◆ TASK STATEMENT
Restate exactly the lines that run from the start of the records below to the line containing "1308 Ruhmann, Kenedy, TX 78119", counting both ends, and nothing else; pictures stay out.

--- SOURCE MATERIAL Enclosed Below ---

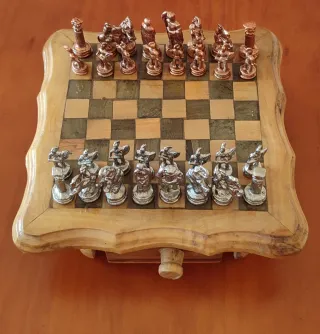 Mini ajedrez vintage de madera, cajones y patitas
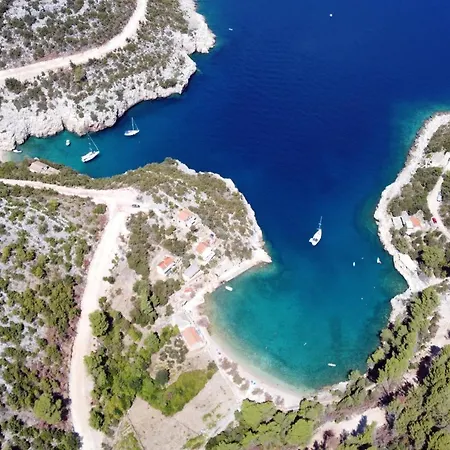 Secluded Fisherman's Cove Zecja, Hvar - 13858 بيت للعطل *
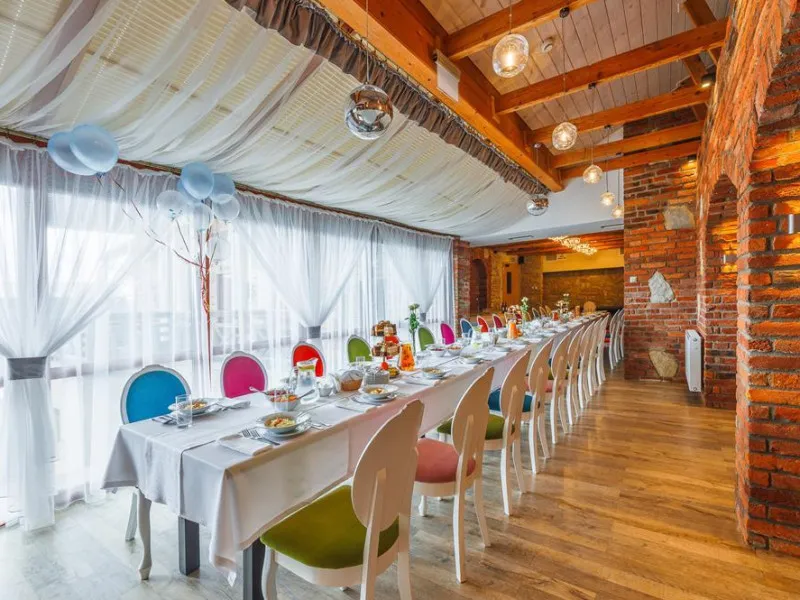 Zdjęcie Gdzie zjeść w Iwoniczu-Zdroju? Odkryj najlepsze restauracje i smaki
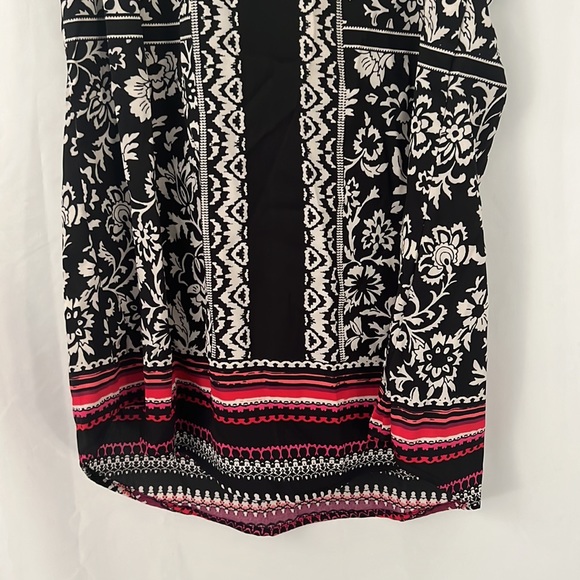 Bebe Printed Tank with Chain Detail - Picture 4 of 5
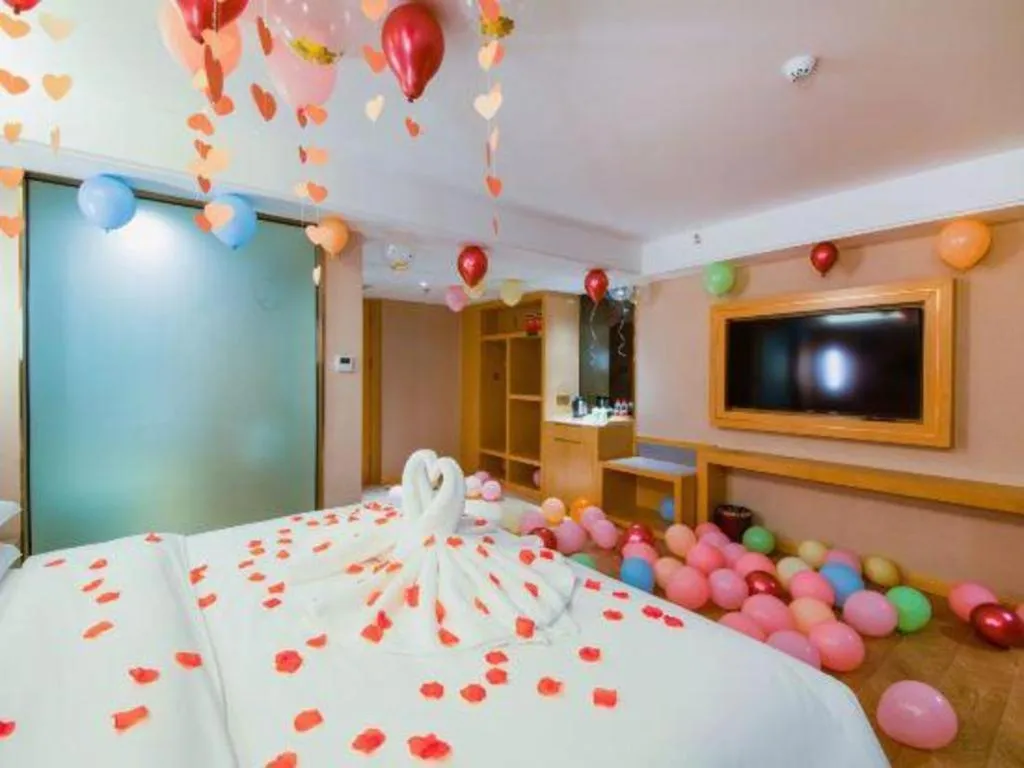 Bed in Vienna Hotel Chongqing Lijiatuo Pedestrian Street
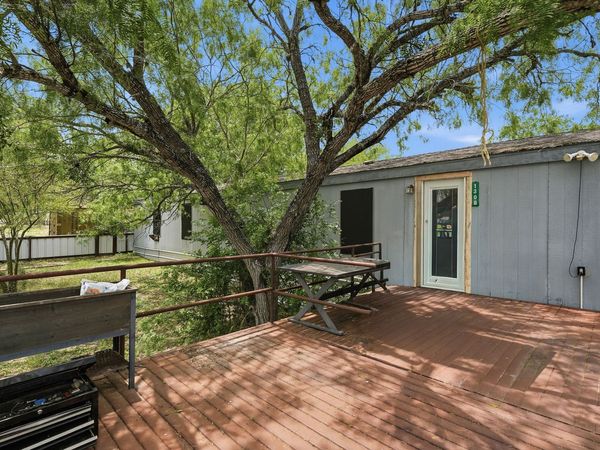 1308 Ruhmann, Kenedy, TX 78119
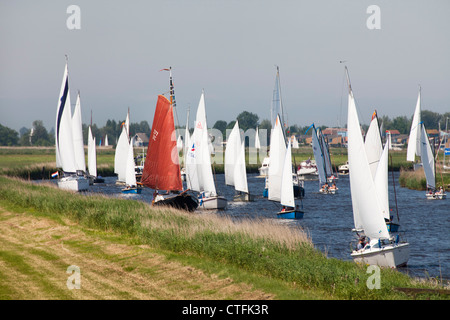 I Paesi Bassi, Hommerts, barche a vela nel canale chiamato Jelte fosso Foto Stock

--- End of Enclosed SOURCE MATERIAL ---

◆ WRITTEN SOLUTION
 Mini ajedrez vintage de madera, cajones y patitas
 Secluded Fisherman's Cove Zecja, Hvar - 13858 بيت للعطل *
 Zdjęcie Gdzie zjeść w Iwoniczu-Zdroju? Odkryj najlepsze restauracje i smaki
 Bebe Printed Tank with Chain Detail - Picture 4 of 5
 Bed in Vienna Hotel Chongqing Lijiatuo Pedestrian Street
 1308 Ruhmann, Kenedy, TX 78119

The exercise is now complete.